Der japanische Yen (JPY) erholt sich leicht, nachdem er während der asiatischen Sitzung am Montag ein neues Einjahrestief gegenüber einem insgesamt schwächeren US-Dollar (USD) erreicht hat. Die globale Risikostimmung verschlechtert sich angesichts von Bedenken über eine weitere Eskalation geopolitischer Spannungen, was wiederum einige Zuflussströme in Richtung des sicheren Hafens JPY auslöst. Der USD hingegen steht unter Druck durch wachsende Sorgen um die Unabhängigkeit der Federal Reserve (Fed), was die verringerten Wetten auf eine aggressivere Lockerung der Geldpolitik in diesem Jahr ausgleicht und das Währungspaar USD/JPY belastet.

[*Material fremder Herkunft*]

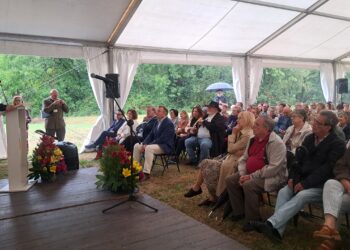 Zapico reivindica en la fosa de El Rellán la continuidad de la batalla por los derechos: “Los que lucharon por la democracia tejían un hilo invisible con quienes hoy siguen en las calles”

Allerdings vertiefen sich die Spannungen zwischen Japan und China, und Berichte, wonach Japans Premierministerin Sanae Takaichi möglicherweise eine vorgezogene Parlamentswahl ausrufen könnte, sorgen für eine zusätzliche Unsicherheit angesichts fehlender Klarheit über den wahrscheinlichen Zeitpunkt der nächsten Zinserhöhung der Bank of Japan (BoJ). Dies könnte die JPY-Bullen davon abhalten, aggressiv zu wetten, und dazu beitragen, den Abwärtsdruck auf das Währungspaar USD/JPY zu begrenzen. Darüber hinaus könnten Händler die Veröffentlichung der neuesten US-Inflationsdaten – Verbraucherpreisindex (CPI) und Produzentenpreisindex (PPI), die am Dienstag bzw. Mittwoch anstehen – abwarten.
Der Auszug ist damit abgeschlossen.